Issue #1: SegWit Trickle-up complexity

In terms of updates to production software, Segregated Witness pushes complexity up-layer, with a ripple-out impact of changes, from one team (bitcoin core) to many teams out in the ecosystem. To give a specific example, one notable bitcoin business is using a custom fork of a bitcoin lib to power their core business systems and user-facing properties. Their operations are otherwise not block-size-sensitive. Their menu of choices are

  • Upgrade bitcoind in conjunction with community roll-out plan (2M hard fork)

and/or

  • Upgrade bitcoind to continue fully validating chain in trustless manner.
  • Wait for bitcoin lib to receive SW updates (or DIY).
  • Wait for bitcoin lib to proceed through raw > beta > rc > production release cycle.
  • Merge and upgrade in-house bitcoin lib fork, with its own production release cycle.
  • Upgrade in-house bitcoin-based backend and frontend (ideally coupled with b4’s release cycle).

The contrast in manpower, code change and internal software update cycles is readily apparent. In terms of production planning, SegWit makes work for many more teams beyond core. Miners, exchanges, explorers, wallets and more are much more sensitive to transaction format/signing changes than block size changes.

This is not a criticism of the features delivered — This is a key element of transition planning. For these overly optimistic “2M by April!” capacity claims to be met, that presumes a rush to upgrade all major sources of transactions. It is that rush to upgrade that introduces risk, not SegWit itself.

Issue #2: SegWit lacks predictable time line

There are no dates on the SegWit-first roadmap. The capacity delivered by SegWit depends on the pace of up-layer (exchange/miner/wallet/merchant) production upgrades, no matter how fast P2P nodes are upgraded. For any business making capacity planning decisions about current and future projects, SegWit stacks unknowns on top of unknowns. Capacity delivered is also impacted by the free rider problem.

Meanwhile, the economic problems and usability problems associated with a core 1M block size remain. Core block space continues to be much more heavily contended. SegWit functions as a temporary capacity relief valve — assuming the aforementioned rush to upgrade up-layer systems.

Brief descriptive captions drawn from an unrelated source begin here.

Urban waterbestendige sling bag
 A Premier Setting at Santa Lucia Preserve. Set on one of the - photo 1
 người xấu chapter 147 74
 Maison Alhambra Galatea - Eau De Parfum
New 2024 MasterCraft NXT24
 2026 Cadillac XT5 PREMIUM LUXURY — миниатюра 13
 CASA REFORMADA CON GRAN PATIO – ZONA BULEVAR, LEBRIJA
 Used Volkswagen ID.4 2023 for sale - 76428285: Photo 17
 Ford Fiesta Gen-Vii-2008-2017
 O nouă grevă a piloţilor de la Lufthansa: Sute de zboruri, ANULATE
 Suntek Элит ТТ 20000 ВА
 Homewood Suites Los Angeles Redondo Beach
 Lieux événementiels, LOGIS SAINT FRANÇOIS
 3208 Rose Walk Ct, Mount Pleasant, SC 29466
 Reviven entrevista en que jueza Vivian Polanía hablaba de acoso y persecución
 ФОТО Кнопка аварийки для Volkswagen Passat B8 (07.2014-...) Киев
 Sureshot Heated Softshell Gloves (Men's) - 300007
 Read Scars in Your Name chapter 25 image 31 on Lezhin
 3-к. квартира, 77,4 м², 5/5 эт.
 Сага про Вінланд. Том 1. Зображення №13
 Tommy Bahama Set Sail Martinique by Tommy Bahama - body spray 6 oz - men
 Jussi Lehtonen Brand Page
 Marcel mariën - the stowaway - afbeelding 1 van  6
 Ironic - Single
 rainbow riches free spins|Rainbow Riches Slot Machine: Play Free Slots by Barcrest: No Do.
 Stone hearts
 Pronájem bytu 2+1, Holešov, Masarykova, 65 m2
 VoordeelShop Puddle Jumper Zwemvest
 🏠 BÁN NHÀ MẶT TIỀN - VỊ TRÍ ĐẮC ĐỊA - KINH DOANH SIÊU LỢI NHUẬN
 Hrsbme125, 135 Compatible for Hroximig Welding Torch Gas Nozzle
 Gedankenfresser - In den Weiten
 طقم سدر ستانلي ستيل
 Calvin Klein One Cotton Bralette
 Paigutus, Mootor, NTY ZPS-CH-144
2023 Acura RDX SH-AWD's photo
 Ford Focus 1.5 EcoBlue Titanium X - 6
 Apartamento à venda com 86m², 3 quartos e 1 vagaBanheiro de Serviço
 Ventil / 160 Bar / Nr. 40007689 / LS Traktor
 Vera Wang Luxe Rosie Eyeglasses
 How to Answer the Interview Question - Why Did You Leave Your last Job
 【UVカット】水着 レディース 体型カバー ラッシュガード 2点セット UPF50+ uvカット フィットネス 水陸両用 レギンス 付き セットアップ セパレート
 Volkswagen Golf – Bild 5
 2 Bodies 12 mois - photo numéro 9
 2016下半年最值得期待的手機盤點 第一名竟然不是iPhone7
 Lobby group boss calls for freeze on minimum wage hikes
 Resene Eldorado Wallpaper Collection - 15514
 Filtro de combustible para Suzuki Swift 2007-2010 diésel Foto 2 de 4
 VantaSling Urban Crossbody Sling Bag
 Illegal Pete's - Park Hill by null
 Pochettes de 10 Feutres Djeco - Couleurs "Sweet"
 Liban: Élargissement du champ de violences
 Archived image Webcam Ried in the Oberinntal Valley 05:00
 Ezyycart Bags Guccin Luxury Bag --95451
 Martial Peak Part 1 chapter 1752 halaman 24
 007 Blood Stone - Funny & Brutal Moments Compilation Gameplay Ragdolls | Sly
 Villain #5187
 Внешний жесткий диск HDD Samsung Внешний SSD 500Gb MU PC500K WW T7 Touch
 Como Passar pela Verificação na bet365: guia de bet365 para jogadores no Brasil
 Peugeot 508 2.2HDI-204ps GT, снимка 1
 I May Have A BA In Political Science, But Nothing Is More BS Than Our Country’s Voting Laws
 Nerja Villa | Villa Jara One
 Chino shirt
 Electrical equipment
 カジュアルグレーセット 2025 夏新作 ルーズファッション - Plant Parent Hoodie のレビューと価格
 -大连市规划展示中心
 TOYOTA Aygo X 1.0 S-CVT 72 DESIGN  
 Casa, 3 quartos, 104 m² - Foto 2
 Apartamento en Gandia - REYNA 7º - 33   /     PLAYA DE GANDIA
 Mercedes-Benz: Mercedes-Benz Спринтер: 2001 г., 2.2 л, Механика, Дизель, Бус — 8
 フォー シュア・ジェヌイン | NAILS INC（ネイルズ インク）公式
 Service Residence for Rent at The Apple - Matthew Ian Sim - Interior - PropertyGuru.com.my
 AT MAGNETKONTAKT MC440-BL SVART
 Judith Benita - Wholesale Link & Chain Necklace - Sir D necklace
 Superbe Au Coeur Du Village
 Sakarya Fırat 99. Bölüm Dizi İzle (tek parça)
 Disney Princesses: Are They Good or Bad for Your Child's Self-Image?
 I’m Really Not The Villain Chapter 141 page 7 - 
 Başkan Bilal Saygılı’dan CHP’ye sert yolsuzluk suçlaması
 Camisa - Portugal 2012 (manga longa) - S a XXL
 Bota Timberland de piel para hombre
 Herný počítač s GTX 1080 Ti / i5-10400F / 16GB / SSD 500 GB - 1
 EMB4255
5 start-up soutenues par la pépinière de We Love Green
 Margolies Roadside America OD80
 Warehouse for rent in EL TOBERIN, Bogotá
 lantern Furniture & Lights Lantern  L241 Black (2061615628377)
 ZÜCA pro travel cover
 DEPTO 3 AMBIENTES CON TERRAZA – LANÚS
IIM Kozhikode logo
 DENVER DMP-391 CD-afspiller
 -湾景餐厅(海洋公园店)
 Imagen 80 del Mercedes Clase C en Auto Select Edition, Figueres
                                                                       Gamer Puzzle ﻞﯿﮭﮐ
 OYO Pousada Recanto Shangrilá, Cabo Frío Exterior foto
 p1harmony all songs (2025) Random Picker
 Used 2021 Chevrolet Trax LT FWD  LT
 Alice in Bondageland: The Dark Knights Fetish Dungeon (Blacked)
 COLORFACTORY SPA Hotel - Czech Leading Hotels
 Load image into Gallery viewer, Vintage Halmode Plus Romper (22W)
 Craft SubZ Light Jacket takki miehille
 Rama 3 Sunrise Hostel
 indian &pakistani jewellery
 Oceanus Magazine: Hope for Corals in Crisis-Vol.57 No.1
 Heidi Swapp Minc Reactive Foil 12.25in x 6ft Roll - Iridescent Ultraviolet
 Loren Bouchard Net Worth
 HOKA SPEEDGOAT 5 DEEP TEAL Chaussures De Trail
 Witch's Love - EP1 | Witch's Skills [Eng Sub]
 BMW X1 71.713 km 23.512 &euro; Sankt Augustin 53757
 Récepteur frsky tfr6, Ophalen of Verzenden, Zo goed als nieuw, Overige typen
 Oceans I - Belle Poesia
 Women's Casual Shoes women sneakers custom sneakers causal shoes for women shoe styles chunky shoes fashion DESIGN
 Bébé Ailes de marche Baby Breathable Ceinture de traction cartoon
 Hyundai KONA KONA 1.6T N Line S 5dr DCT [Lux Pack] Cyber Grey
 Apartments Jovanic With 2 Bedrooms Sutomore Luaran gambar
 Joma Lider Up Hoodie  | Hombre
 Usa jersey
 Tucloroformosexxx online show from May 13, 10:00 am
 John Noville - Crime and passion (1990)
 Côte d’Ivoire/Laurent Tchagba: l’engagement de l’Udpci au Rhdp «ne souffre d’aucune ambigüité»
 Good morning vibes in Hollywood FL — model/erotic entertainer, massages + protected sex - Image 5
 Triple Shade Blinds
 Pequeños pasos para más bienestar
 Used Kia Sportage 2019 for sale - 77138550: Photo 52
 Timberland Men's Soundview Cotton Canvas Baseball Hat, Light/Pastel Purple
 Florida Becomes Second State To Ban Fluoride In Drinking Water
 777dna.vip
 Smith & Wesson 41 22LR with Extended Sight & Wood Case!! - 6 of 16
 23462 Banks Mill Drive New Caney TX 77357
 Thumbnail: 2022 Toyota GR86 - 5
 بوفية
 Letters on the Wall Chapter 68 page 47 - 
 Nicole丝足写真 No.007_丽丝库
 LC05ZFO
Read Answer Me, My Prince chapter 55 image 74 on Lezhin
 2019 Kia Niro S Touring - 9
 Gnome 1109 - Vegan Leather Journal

A hard rule of “SegWit must deliver X capacity before Y HF can be considered” implicitly subjects all future changes to an unknown timeline, or, implies the ecosystem should embark on a risky “fire drill” upgrade of up-layer, user-facing production systems. Neither the hard rule or the rushed upgrade are desirable. As such, it does not make sense to make SegWit a blocker for other network upgrades.

Issue #3: SegWit retains block size problems, while layering economic complexities on top

While not inherently wrong (or right), the SegWit split-block approach is under-analyzed from an economic perspective. It presents a basket of two goods with two different use rates.

Consider blocks as buckets of water. Today, we have one bucket, and water is (transactions are) pouring into the bucket. It is periodically emptied.

With SegWit, we have a new bucket. At first, almost all the water continues to pour into the first bucket. Over time, the users begin to balance their use between the two buckets. However, the first bucket continues to fill up at a much higher rate than the 2nd.

The logic behind this basket’s pricing is very thin — and again, it is a hazard to insert another point in the code where a developer is setting an arbitrary price ratio.

Issue #4: (Opinion/Philosophy) Changing economic policy as a soft fork

A soft fork is a much lower barrier to achieve, to upgrade the network. Ultimately a majority of mining pools need to upgrade to enforce a new ruleset. This has worked for new script features such as P2SH or CLTV.

This is much more hazardous when enlarging an economically-limited resource such as block size as SegWit does. It becomes much easier for devs or miners to reboot the fee market on short notice. It becomes much easier to make the soft-forked block size expansion limit a policy tool.

Hard forks set a higher bar for changing bitcoin’s economic policies — and that’s a good check-and-balance.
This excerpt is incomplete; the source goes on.